Ciò spiega perché nel vecchio suggestivo caffè Bazco, a ridosso della millenaria cittadella di Erbil, ormai circondata dai grattacieli, si pronunci malvolentieri il nome di Mustafa Ocalan, il celebre leader del Pkk detenuto da quindici anni nell’isola-prigione turca di Imrali. E ciò nonostante Ocalan stia trasmettendo inviti alla moderazione ai guerriglieri Pkk restii a scendere a patti con Ankara, convinto anche lui della necessità di creare un fronte unito contro i tagliagole Is. Ocalan resta un simbolo amato, e chissà che domani non possa esercitare una funzione benefica di pacificazione dopo tanto sangue versato, ma per il momento va messo in sordina se si vuole realizzare a Kobane la saldatura fra i peshmerga curdi iracheni e i combattenti siriani curdi del Pyd, temuti dalla Turchia per i legami storici col Pkk. Per coinvolgere davvero la Turchia nella coalizione anti-Is bisogna che l’unica voce ufficiale curda rimanga quella di Erbil. Meglio che Ocalan pazienti in cella e calmi i suoi irrequieti discepoli.
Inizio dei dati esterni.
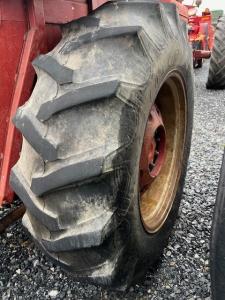 Part Number: Ih 574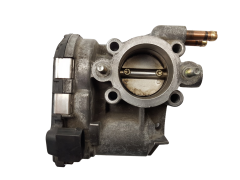 Kaasuläpän venttiili Agila Astra G Corsa C 9157512 0280750044 1.0 1.2 1914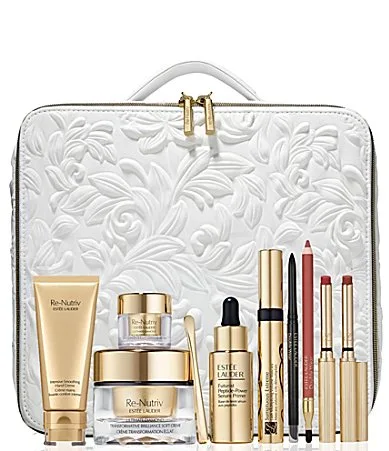 Re-Nutriv Gift Set by Estée Lauder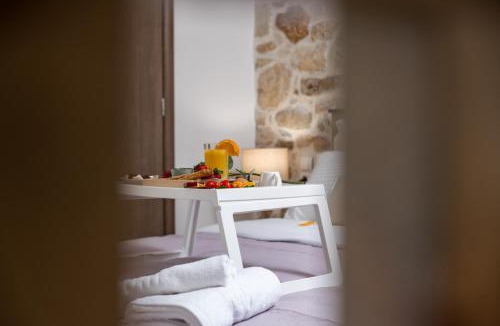 Petrokefalion House | Katina's House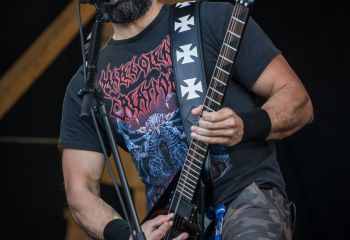 Amputate - Photo by Dänu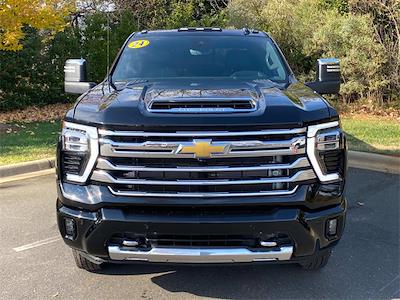 2024 Chevrolet Silverado 3500 Crew Cab 4WD Pickup for sale #EC55113A - photo 2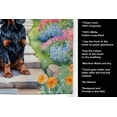 thumbnail image 5 of Carolines Treasures DAC6639KTWL 25 x 15 in. Gordon Setter Spring Path Kitchen Towel, 5 of 5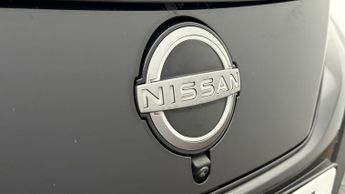 Nissan Leaf N-CONNECTA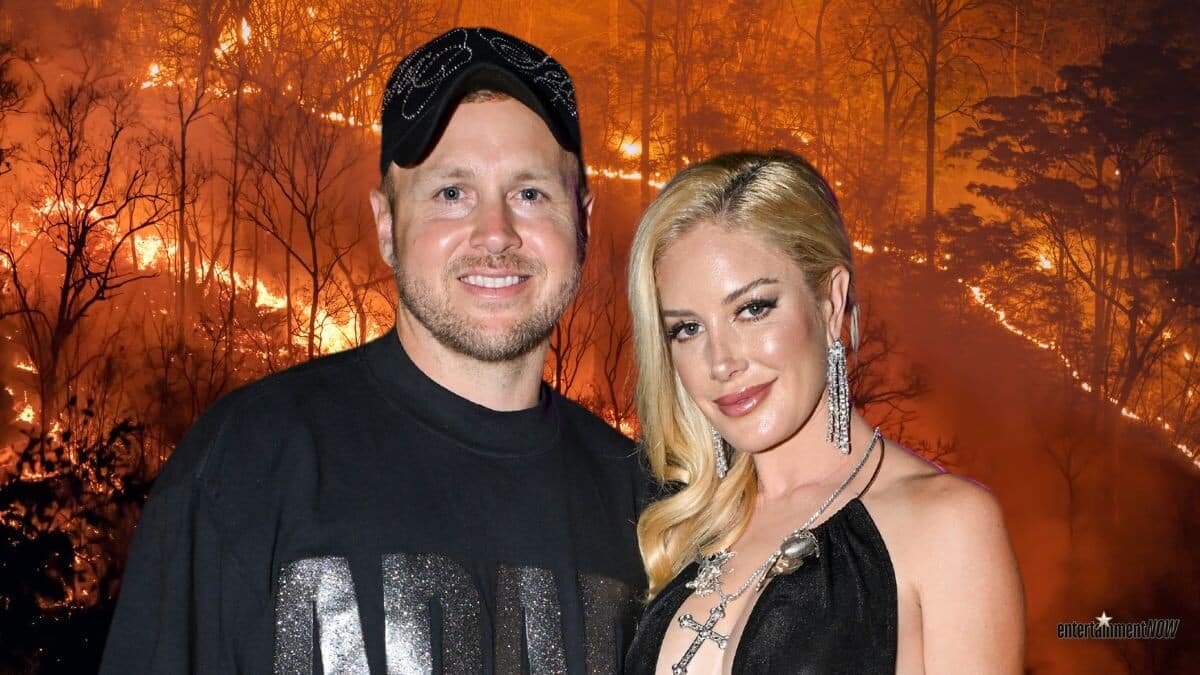 Reality TV stars sue LA over home destroyed in wildfire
Troppo fresco è il ricordo delle vere e proprie manifestazioni di disperazione seguite alla sua cattura, giunte fino al sacrificio dei militanti trasformatisi per protesta in torce umane.
La simpatia crescente che circonda il nazionalismo curdo non può infatti cancellare gli interrogativi sulla potenza con cui oggi occupa la scena. Chi ha vissuto al fianco dei peshmerga la drammatica estate dell’offensiva jihadista, sottolinea la tradizione pluralista e la disponibilità alla convivenza tipica dei curdi. Il direttore dell’Unicef in Iraq, Marzio Babille, protagonista di coraggiose operazioni di soccorso nelle città assediate dai tagliagole, non si stanca di ripeterlo: “Il Kurdistan iracheno è l’unica regione di quest’area insanguinata nella quale vige il rispetto dei diritti umani; e viene praticata una generosa accoglienza dei profughi di ogni confessione religiosa”.
Ma è vero anche che le nuove generazioni, educate con programmi scolastici curdi che non contemplano più il bilinguismo, hanno smesso di imparare l’arabo. Il distacco dall’Iraq è un fatto compiuto. Un secolo fa inglesi e francesi “inventarono” per convenienza anti-turca le false patrie arabe, ora in via di dissoluzione,. I diritti dei curdi furono ignorati completamente. E’ lecito chiedersi, ora, se questo nazionalismo che si fa Stato fuori tempo massimo non darà luogo a nuovi accidenti della storia. Dubbio legittimo. Intanto godiamoci questa isola di libertà in mezzo alla barbarie. Il sole del deserto rende abbaglianti i grattacieli di Erbil, i profughi accampati nelle tende delle Nazioni Unite li osservano pieni di speranza.